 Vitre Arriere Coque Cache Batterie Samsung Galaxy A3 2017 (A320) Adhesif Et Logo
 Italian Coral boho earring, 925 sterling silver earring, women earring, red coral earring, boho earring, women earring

...

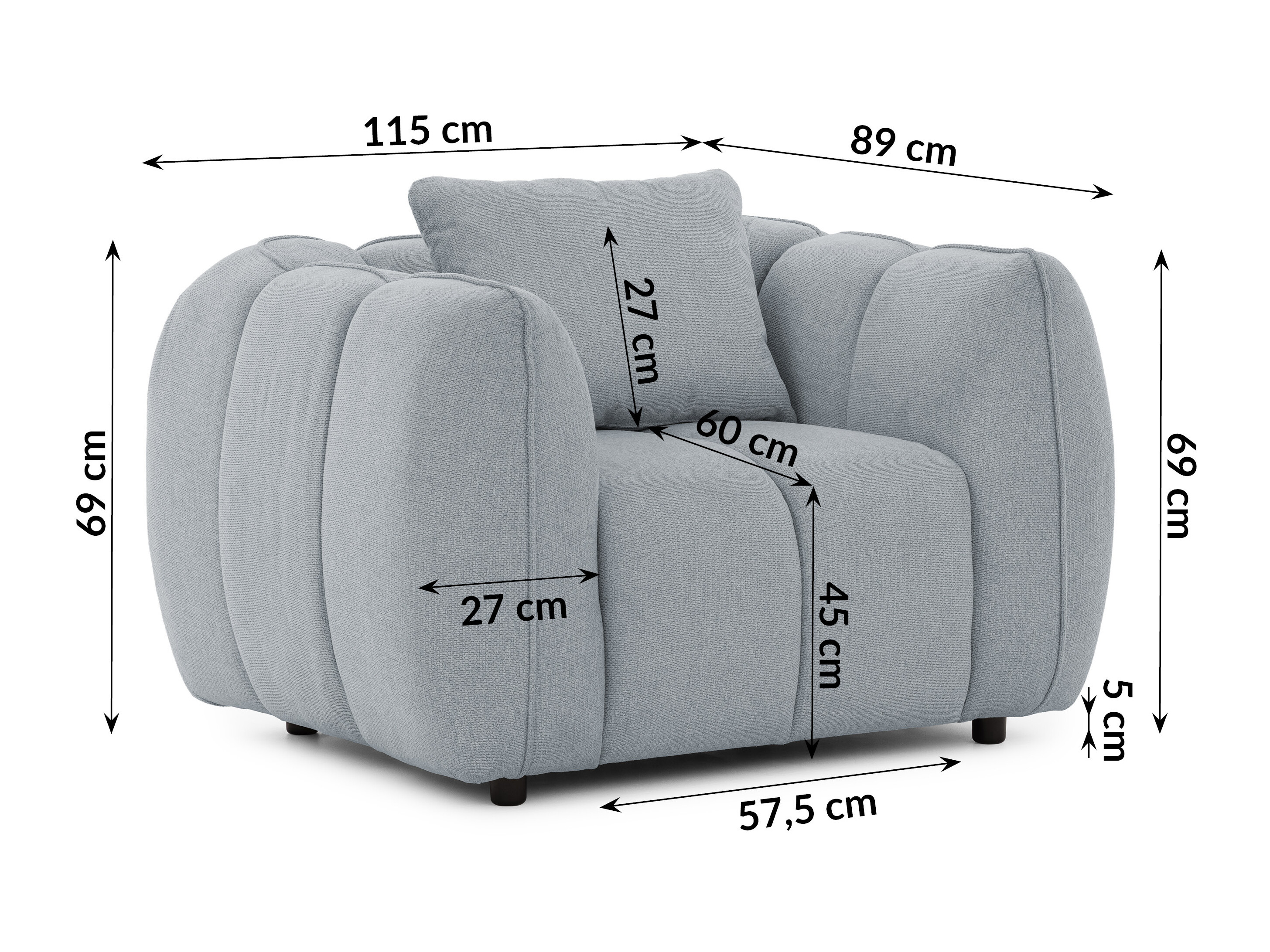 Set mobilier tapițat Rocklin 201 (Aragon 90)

* * *

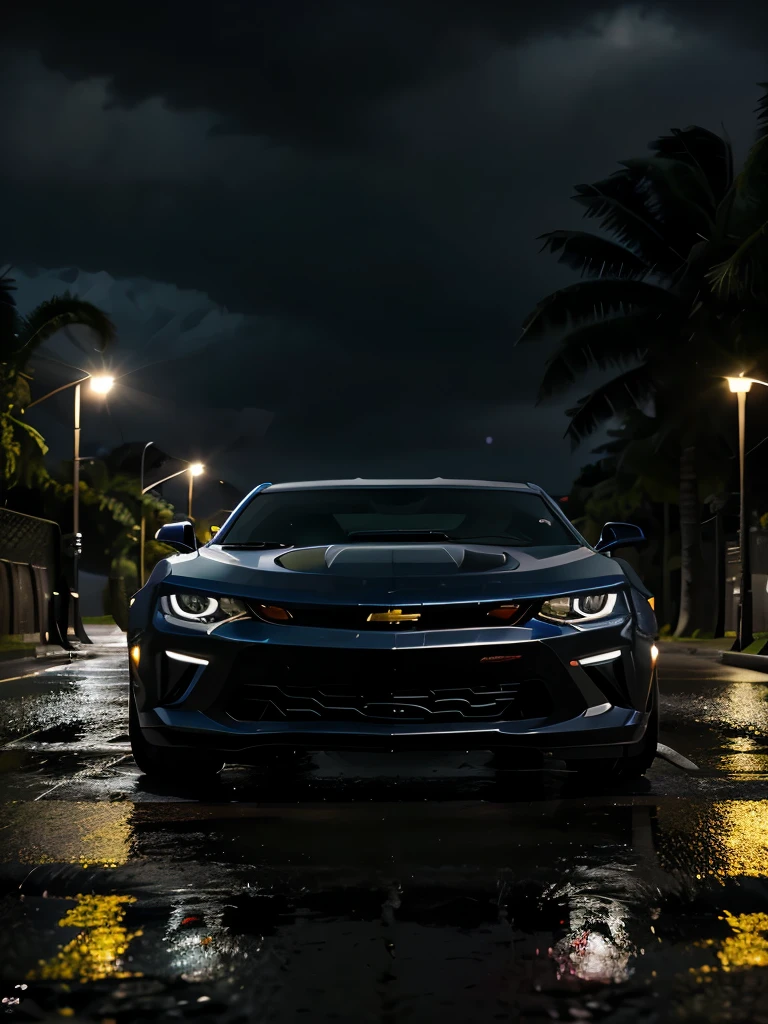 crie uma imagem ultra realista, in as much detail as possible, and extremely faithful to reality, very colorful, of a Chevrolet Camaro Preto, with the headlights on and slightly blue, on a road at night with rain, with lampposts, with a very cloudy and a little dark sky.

--- What you have to do ---
Copy back the listing above exactly, but only from the line with "Vitre Arriere Coque" through the line with "Italian Coral boho", both ends included.

--- Written response ---
 Vitre Arriere Coque Cache Batterie Samsung Galaxy A3 2017 (A320) Adhesif Et Logo
 Italian Coral boho earring, 925 sterling silver earring, women earring, red coral earring, boho earring, women earring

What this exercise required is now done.